The processor 502 is configured to recognize an end code block included in the encoded data received by the transceiver 501, to know that the transmission process of the original data ends, and obtain, according to an indication of a code block type field included in the end code block and indicating that the transmission process ends, a remaining code block carried in the end payload as the original data.

Optionally, the encoded data further includes at least one data code block, where the at least one data code block is before the end code block, each data code block in the at least one data code block includes a second synchronization header and a data payload, the second synchronization header is used to indicate that a subsequent payload is a payload of a data type, and the data payload is obtained by grouping original data by a sending end;

the processor 502 is further configured to obtain at least one data payload according to an indication of a second synchronization header included in each of the at least one data code block before the end of the transmission process of the original data is known by identifying the end code block; when the remaining code blocks are used as the original data, the processor 502 is specifically configured to: the at least one data payload and the remaining code blocks are combined to obtain original data.

Optionally, the encoded data further includes a start code block before the end code block, where the start code block is used to indicate that a transmission process of the original data starts, the start code block includes a first synchronization header, a code block type field indicating that the transmission process starts, and a start load, and the start load can be used to carry a reserved code block before the transmission end groups the original data; the processor 502 is further configured to, after the transceiver 501 receives the encoded data, recognize that a transmission process of the original data starts by identifying the start code block, and obtain a reserved code block carried in the start load according to an indication of a code block type field included in the start code block and indicating the start of the transmission process; when the remaining code blocks are used as the original data, the processor 502 is specifically configured to: and merging the reserved code block and the residual code block to obtain original data.

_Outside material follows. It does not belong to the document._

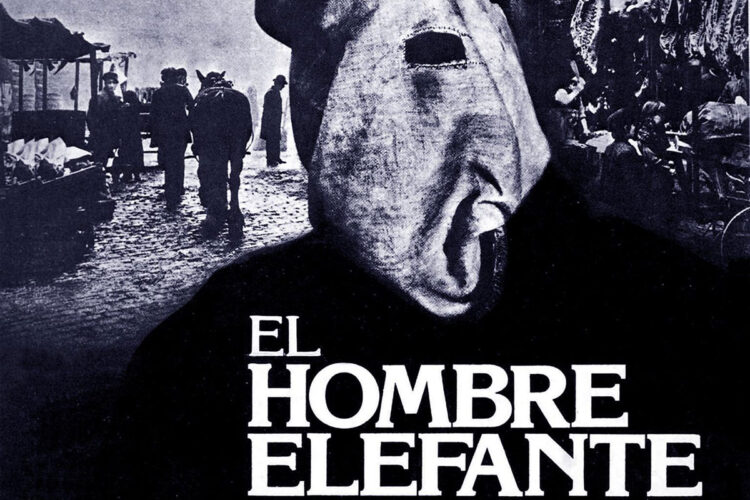 elefante.jpg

Optionally, when receiving the encoded data, the transceiver 501 is specifically configured to: receiving burst transmission data; the burst transmission data comprises a synchronous mode sequence, a burst delimiter, coded data and a burst ending code block; the synchronous mode sequence is used for realizing the synchronization of the interface system, and the burst delimiter is used for indicating the start of the burst transmission process of the original data; the burst end code block is used to indicate the end of the burst transmission process of the original data.

Optionally, the processor 502 is further configured to: and carrying out descrambling processing on the coded data by adopting a preset descrambling code.

Optionally, when receiving the encoded data, the transceiver 501 is specifically configured to: receiving encoded data inserted into a control message, the control message including a first synchronization header, a code block type field indicating transmission of the control message, and a control message payload; the processor 502 is further configured to obtain a control message payload according to an indication indicating a code block type field in which the control message is transmitted.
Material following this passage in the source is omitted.